Pharrell And Robin Thicke Lost A Lawsuit

As if losing Paula and his self-respect wasn’t bad enough, Robin Thicke (and Pharrell Williams) just lost a huge lawsuit, not to mention a shit ton of money. The two have been involved in an ongoing investigation into their 2013 hit “Blurred Lines.” The lawsuit was instigated by Marvin Gaye’s children, who claim the song took portions from one of their father’s songs. In case you’re too busy to do a quick Google search, here’s a quick recap…Martin Gaye is a big fucking deal. He was, like, huge when our parents were growing up and he’s most known for singing some of our drunk karaoke favorites: “Ain’t No Mountain High Enough,” “How Sweet It Is,” etc. Pharrell is even a self-proclaimed super fan, although he argues it did not affect his song writing.

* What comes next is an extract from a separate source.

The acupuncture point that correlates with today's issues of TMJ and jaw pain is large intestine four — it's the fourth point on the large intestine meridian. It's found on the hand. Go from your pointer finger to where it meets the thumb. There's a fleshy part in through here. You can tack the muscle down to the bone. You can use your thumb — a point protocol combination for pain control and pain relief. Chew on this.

Pharrell denied the accusations, and Robin Thicke claims he wasn’t even present when the song was created. He was probably wasted or singing at a Kardashian wedding. Probably both. Pharrell stated that he wrote “Blurred Lines” without Thicke’s assistance in an hour’s time in 2012. It’s pretty crazy to think that this tiny gnome man could create an annoyingly catchy, chart-topping hit that casually encourages date rape and other messed up shit in ONE HOUR. But I guess that’s why they pay him the big bucks.

Despite their denial of copyright infringement, the jury sided with the Gaye family and ordered Williams and Thicke to pay $7.4 million to them in damages. Supposedly some shady shit went down in the trial where different versions of Marvin Gaye’s song that sounded more like “Blurred Lines” were played whereas the original and well-known version was not referenced. After the verdict was announced, Marvin Gaye’s daughter broke into tears and claimed she was “free…from [the] chains and what they tried to keep on us and the lies that were told.” Yeah right, bitch. I’d cry too if I just got $7.4 million.

Maybe this is payback for Robin Thicke being a cheating, drunk asshole, but I'm thinking it's retribution for Pharrell making “Happy” aka the single worst song ever known to mankind. Maybe this will get him to think twice about being so fucking optimistic.